### DATASET EXCERPTS
#####
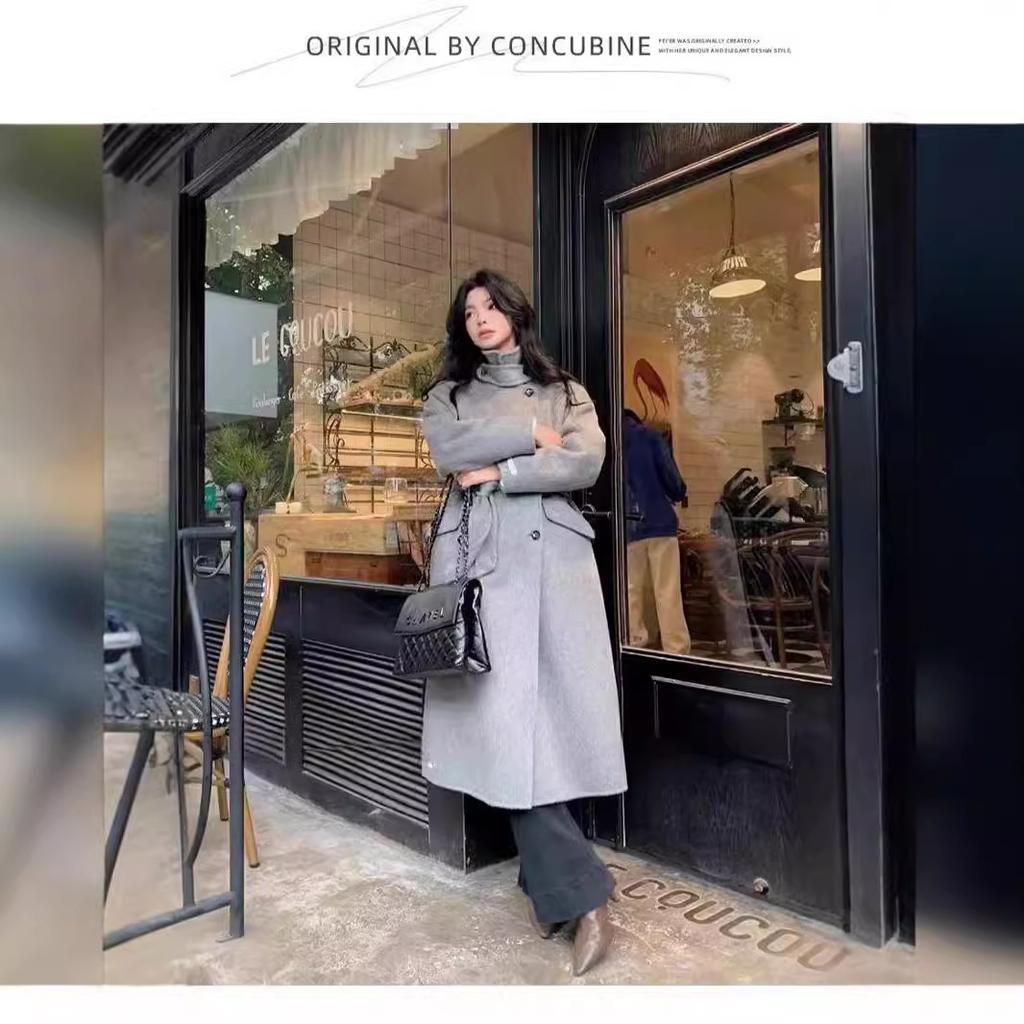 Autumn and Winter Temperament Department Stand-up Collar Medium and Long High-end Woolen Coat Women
#####
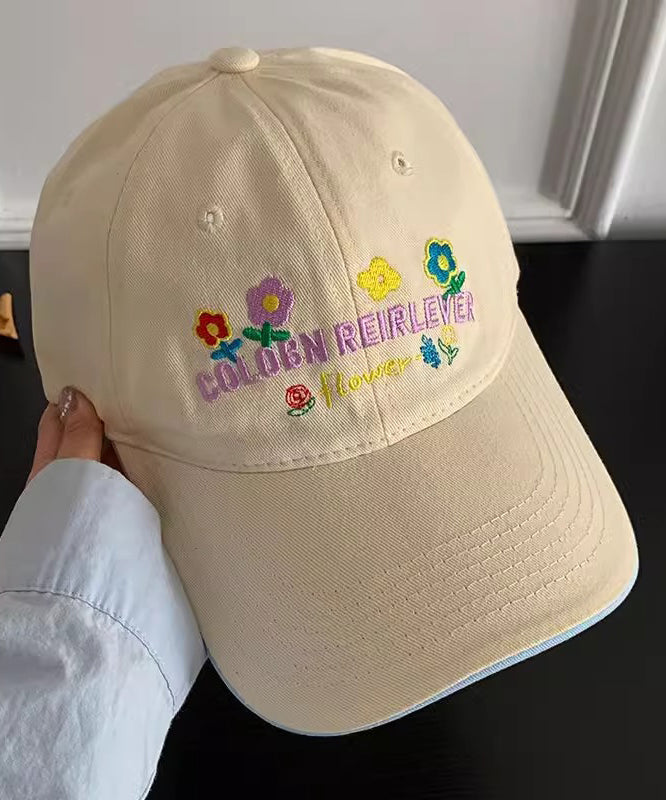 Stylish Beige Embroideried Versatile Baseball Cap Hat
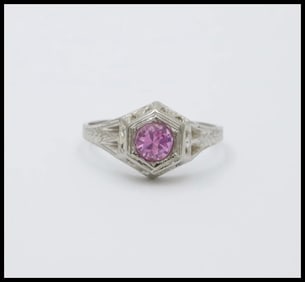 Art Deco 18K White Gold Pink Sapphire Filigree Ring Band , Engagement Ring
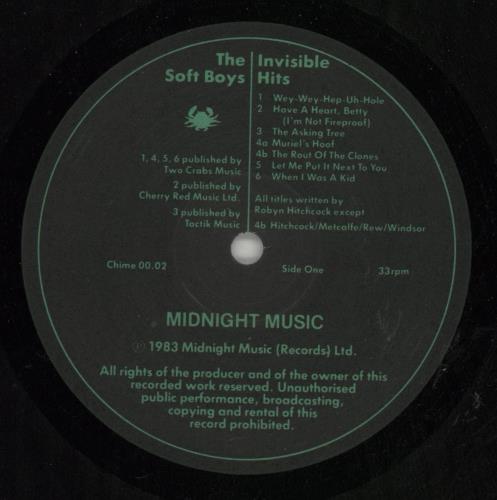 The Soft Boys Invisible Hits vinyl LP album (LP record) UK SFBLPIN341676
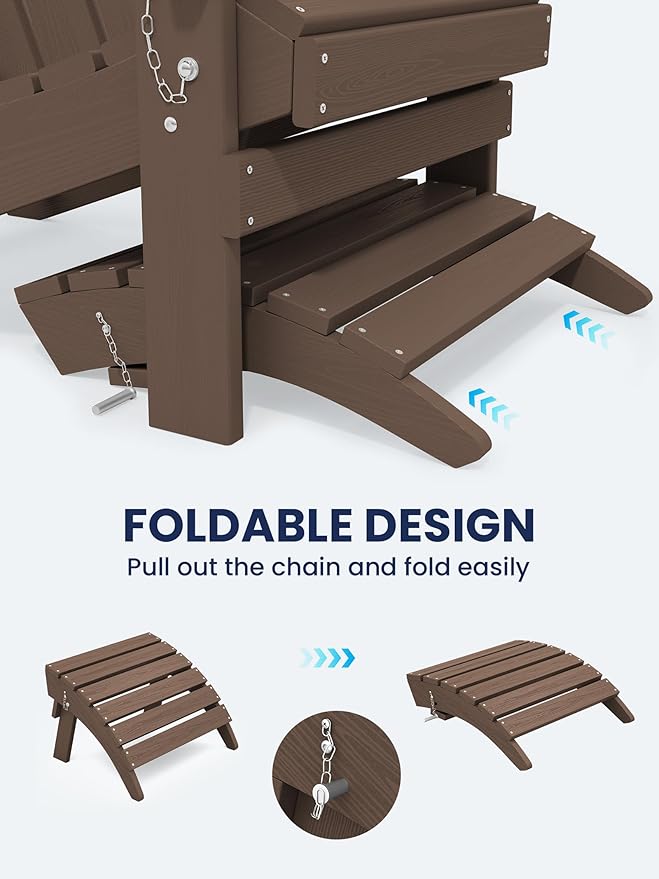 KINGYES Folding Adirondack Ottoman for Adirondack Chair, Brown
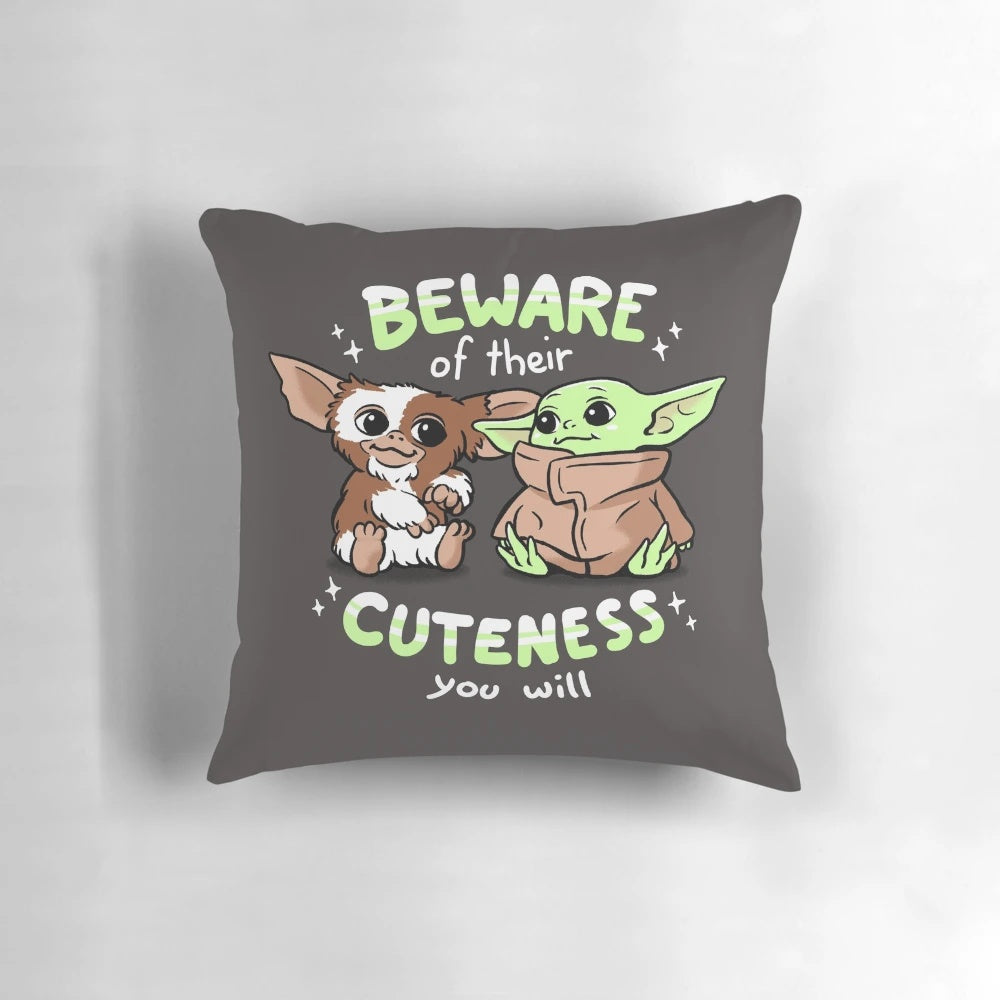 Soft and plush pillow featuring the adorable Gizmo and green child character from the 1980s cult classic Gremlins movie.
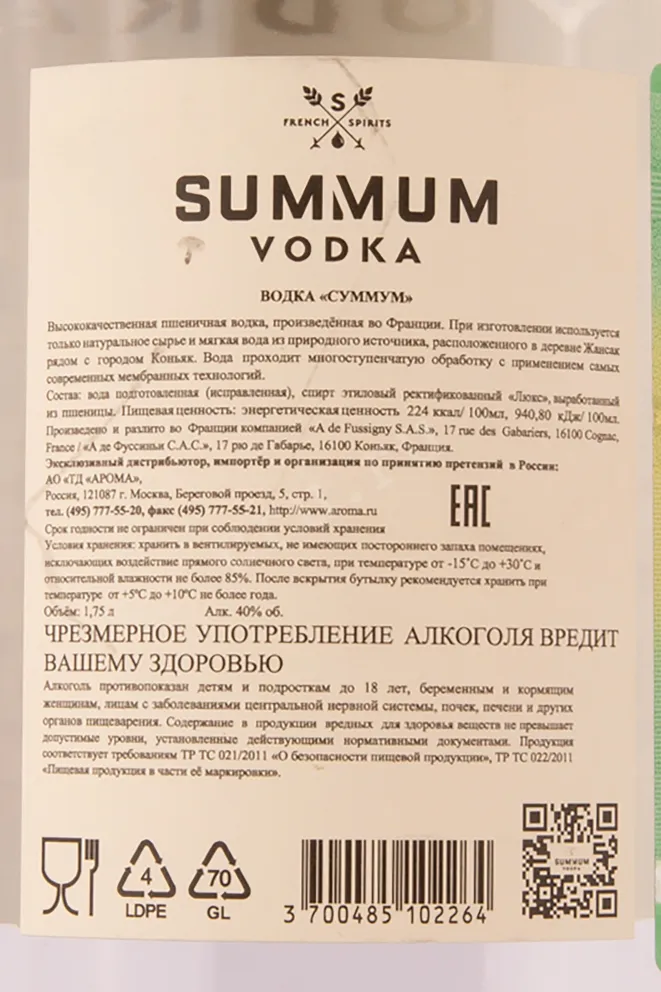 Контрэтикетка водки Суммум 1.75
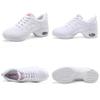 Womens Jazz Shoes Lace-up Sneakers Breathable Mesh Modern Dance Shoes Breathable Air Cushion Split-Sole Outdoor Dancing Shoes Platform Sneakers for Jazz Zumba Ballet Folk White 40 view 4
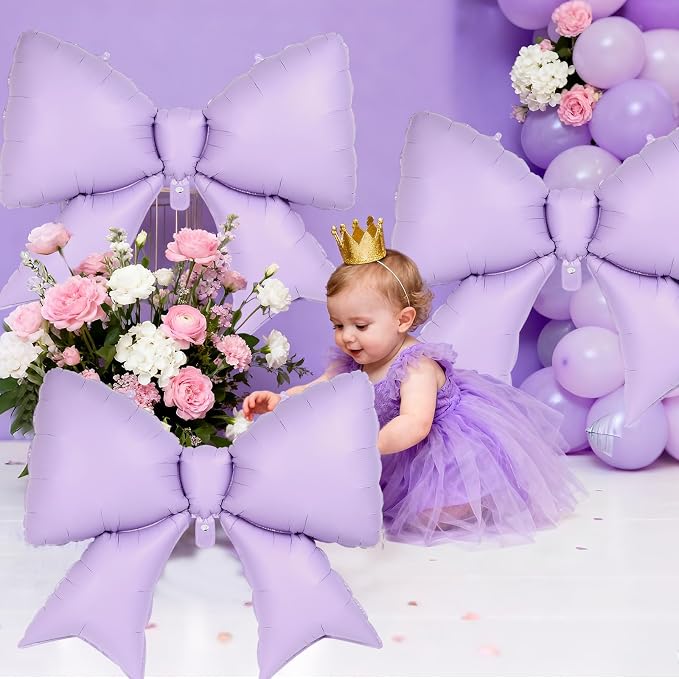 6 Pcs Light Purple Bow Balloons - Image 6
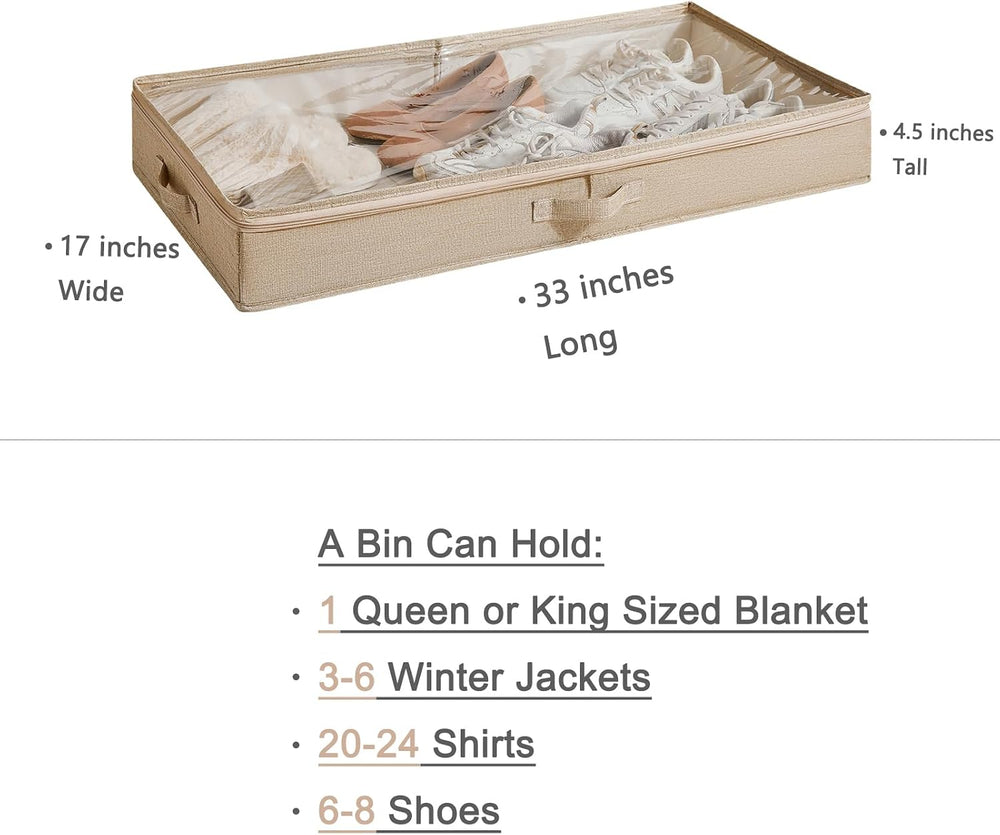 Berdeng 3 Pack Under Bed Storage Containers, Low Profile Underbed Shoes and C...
#####
### WHAT TO DO
Give again, exactly as written above, each line from the one that has "Womens Jazz Shoes" to the one that has "Berdeng 3 Pack", both included; omit the pictures.

### WRITTEN RESPONSE
 Womens Jazz Shoes Lace-up Sneakers Breathable Mesh Modern Dance Shoes Breathable Air Cushion Split-Sole Outdoor Dancing Shoes Platform Sneakers for Jazz Zumba Ballet Folk White 40 view 4
 6 Pcs Light Purple Bow Balloons - Image 6
 Berdeng 3 Pack Under Bed Storage Containers, Low Profile Underbed Shoes and C...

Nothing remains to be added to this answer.